If you’re feeling a bit “under the weather,” as the English like to say (because the English are obsessed with the weather), you’re feeling poorly, ill, not yourself. You’re not too badly off; just a tad miserable, physically speaking. We’re all under the weather, of course, all of the time (except astronauts and those flying above the clouds), so this phrase evokes an individual bit of weather, unique to you, a bit like a cartoon cloud.
It is thought the phrase originated in the early 1800s among sailors, who, if they were ill, were told to get below deck, or literally, “under the weather.”
The English are masters of euphemism and peculiar idiom, with regional variants being as mutually incomprehensible to foreigners as well as to the English themselves. This extends to food, naturally.
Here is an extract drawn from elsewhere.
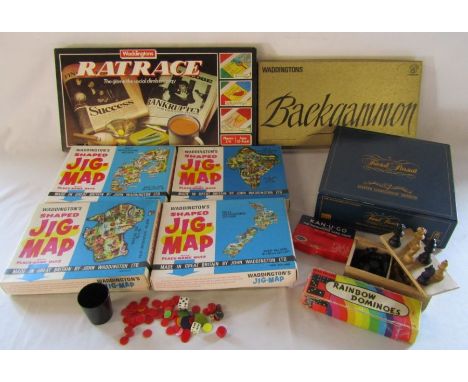 Collection of board games including wooden chess figures (no board), Trivial Pursuits, backgammon etc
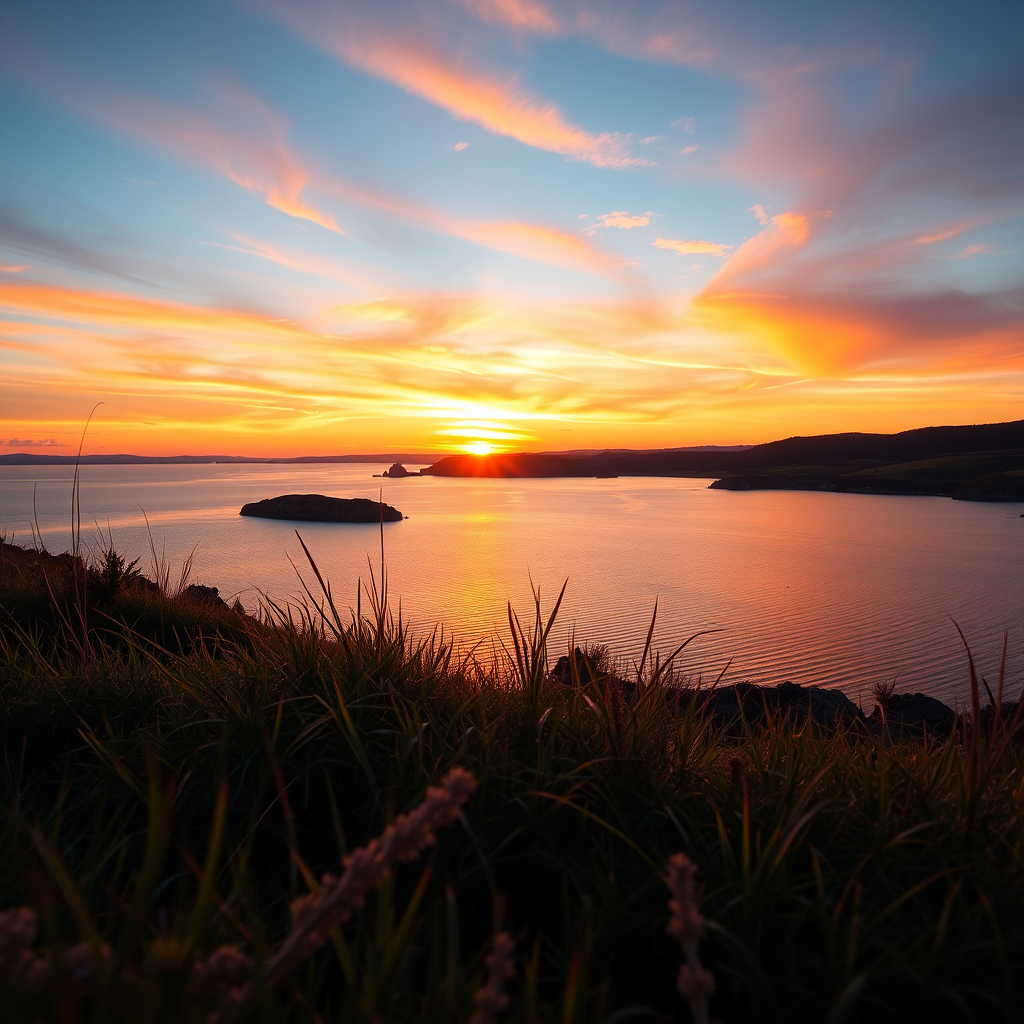 Generate a high-resolution image of a scenic landscape at sunset, with vibrant colors reflecting on the water, using a Canon EOS R5, 24mm lens, f/8 aperture, ISO 100, shutter speed 1/125s, taken from a low angle to capture foreground details and a wide view of the horizon.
While the French have always tended to use descriptive names for their dishes listing both the main ingredients and method of preparation, the English have tended to gives their dishes far more oblique names, as if they were members of a culinary family who could walk out of the kitchen and join you at the dinner table.
A notable exception to this is the case of “Pain Perdue,” or “lost bread,” which makes use of stale bread by soaking it in a custard and frying. In America it is better known as “French Toast,” because the Americans are a straightforward people who like to differentiate which of the many streams of immigrant culinary traditions their food came from. In England, however, it is known as “Eggy Bread,” which ditches the French influence altogether, not surprising for a nation that fought a war lasting 100 years with their continental neighbors. It was the Normans who likely introduced it to England back in the 11th century, where it was called by its French name, because everything was when William the Conqueror was in charge. It’s one of the perks of being a conqueror.
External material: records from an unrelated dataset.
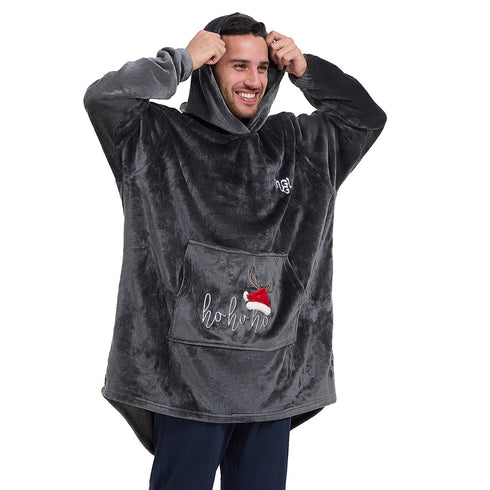 Snuggs Blanket Hoodie Dark Grey Christmas Ho Ho Ho Pocket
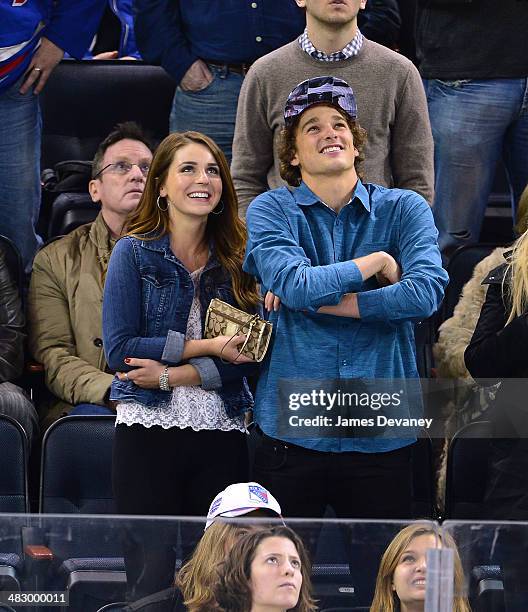 Annie Rogers and Nick Goepper attend Ottawa Senators vs New York Rangers game at Madison Square Garden on April 5, 2014 in New York City.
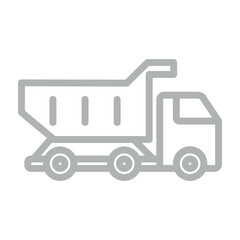 Dump truck Vector Line Grey Icon Design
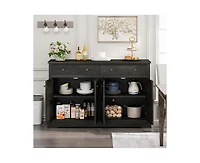 Casainc Storage Cabinet with Two Drawers and Four Doors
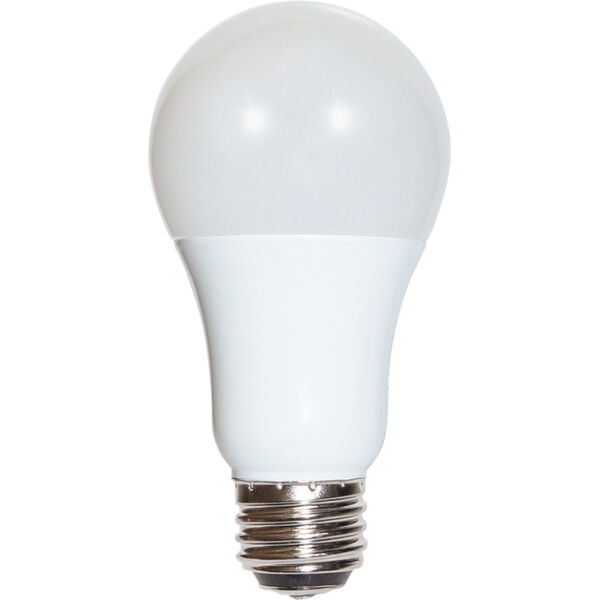 SATCO Frosted White LED A19 Meduim 3/9/12 Watt Type A Bulb with 3000K 1200 Lumens 80 CRI and 220 Degrees Beam, image 1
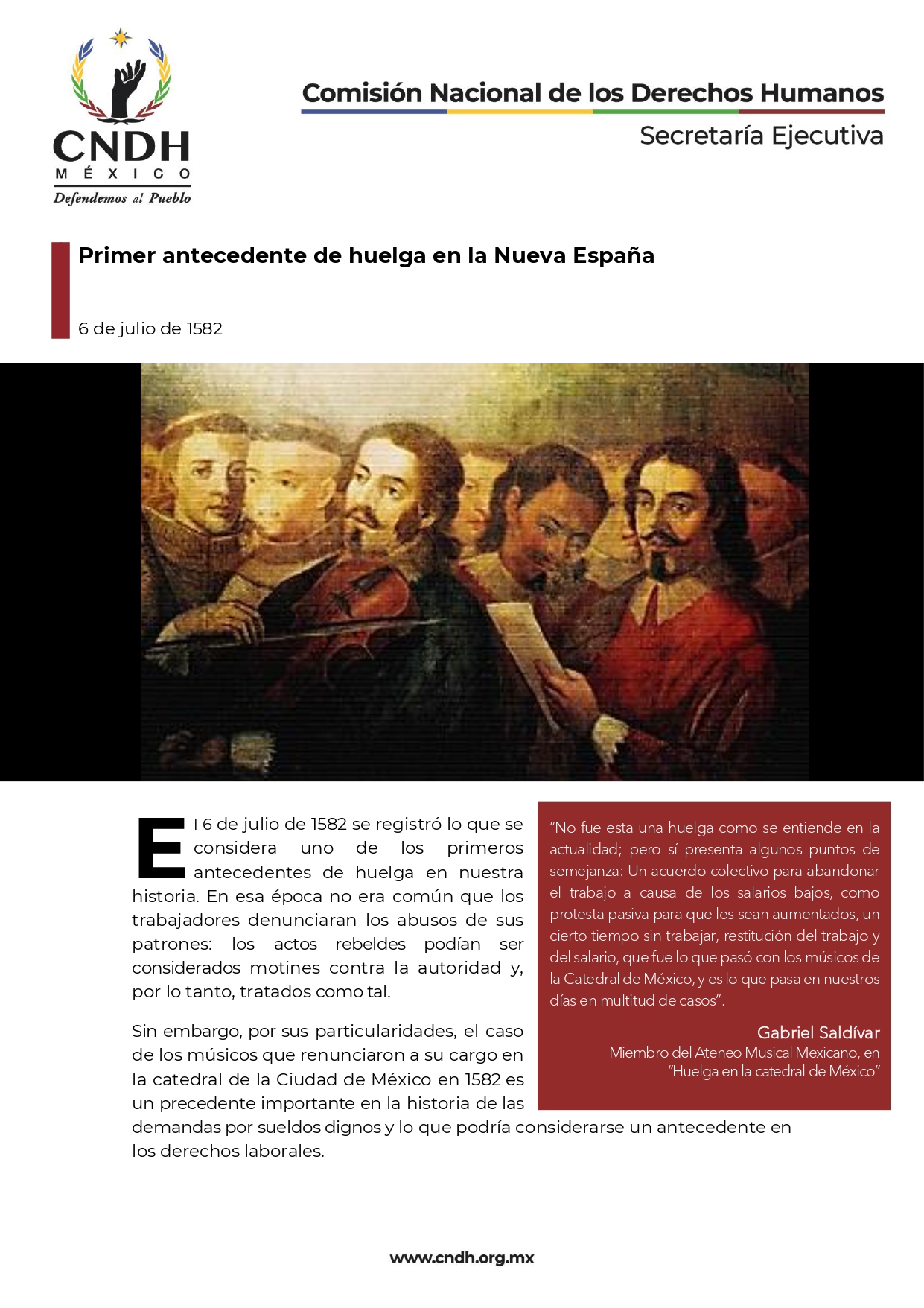 Primer antecedente de huelga en la Nueva España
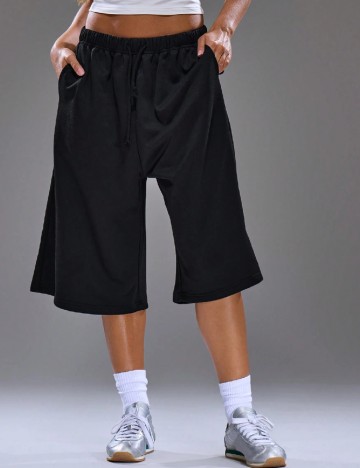 Pantaloni trei sferturi SHEIN, negru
“Eggy Bread” sounds like a nursery food, partly because it is, and partly because the English also have an affinity for giving comfort foods comforting names.
This recipe for a bland, mushy substance designed for invalids has a pretty descriptive name. They might have called it “Toast Water” in Kentucky, but in England it would be called “pobsy,” a term applied to porridge-like gruels usually fed to small children.
It should not be confused with water with which one offers a toast.